El libro tiene la cualidad de volcarse con el trabajo teórico que corresponde al historiador, por medio del cual destruir olvidos, mitos, confusiones. Sin embargo, incurre en la imprecisión de no ejercitar con claridad ni de forma tajante la distinción memoria-historia. Y es que el término memoria desempeña una función mistificadora. Mientras que para adentrarse en la historia hay que revisar documentos, leer textos, estudiar cronologías y correr el riesgo de encontrarse con evidencias que contradigan los propios prejuicios, en el caso de la memoria cualquiera puede identificarse con ella inercialmente y sin el menor esfuerzo a poco que esté bien diseñada para el consenso y la aceptación acrítica y emotiva (p. 24):

La memoria tiene como primer propósito tranquilizar.
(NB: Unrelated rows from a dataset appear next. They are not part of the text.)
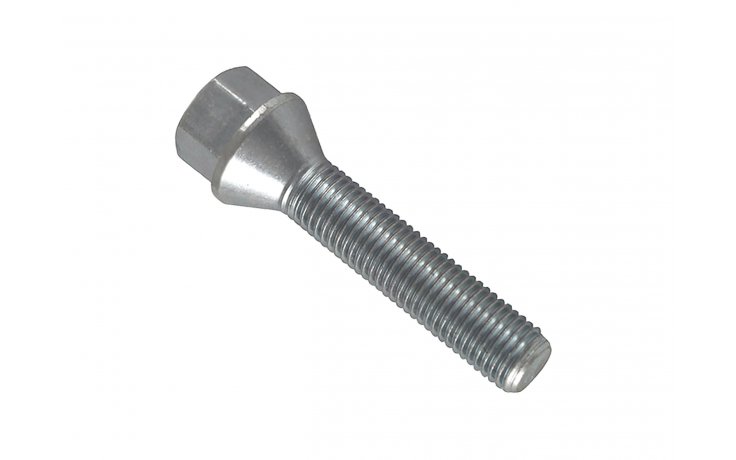 Śruba mocująca M14x1,5, gwint 60mm, stożek, klucz 17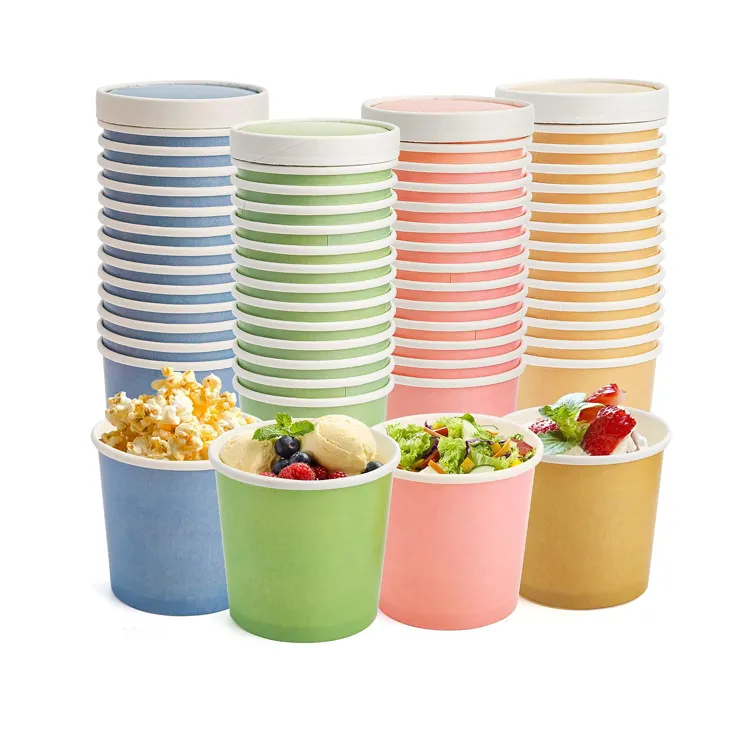 Venta al por mayor de cuencos coloridos para Postres, tazas para sopa con tapa de papel, taza desechable para helado, para llevar, envasado de alimentos, taza para sopa de papel Kraft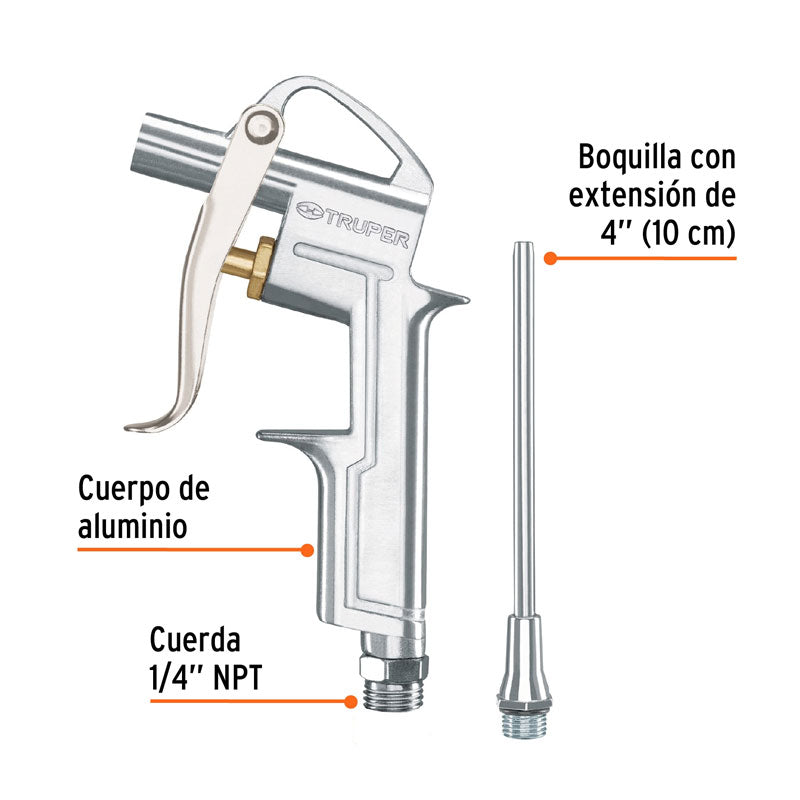 Pistola para sopletear con extensión de 4", 19235 Truper PISO695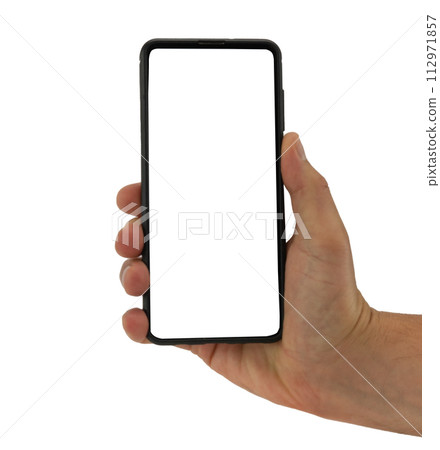 Hand Holding Smartphone with Blank Screen. Hand Holding Smartphone with Blank Screen. 112971857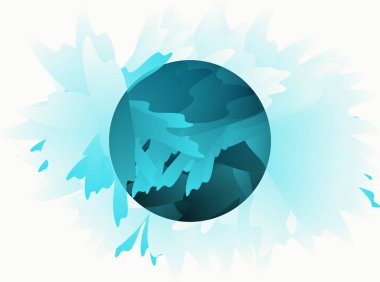 Mavi arka planı olan bir küre. vektör illüstrasyonu.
Tranquilizar, esto es, mentir.

El hecho de que las instituciones se empecinen en investir cada acto retrospectivo con la invocación de la memoria, en lugar de la historia, de los sentimientos en lugar de los datos, convierte en oficial el olvido de los acontecimientos, beatifica la condición de víctima con la religiosidad moralista de la ceremonia e impide el análisis político de las causas y consecuencias del exterminio. Bensoussan se hace eco de los efectos que, en particular en el Estado de Israel y, en general, entre los judíos, tiene este fenómeno. El victimismo martirológico paraliza la acción política, la resistencia frente al crimen. El Estado de Israel, nacido a pesar, y no a causa, de la Shoah, desmiente esa inercia victimista y se rebela ante el destino milenario del judaísmo, al que, por primera vez en la Historia moderna, da cobertura un Estado.

 

GEORGES BENSOUSSAN: ¿AUSCHWITZ POR HERENCIA? SOBRE UN BUEN USO DE LA MEMORIA. Anthropos (Barcelona), 2010, 189 páginas.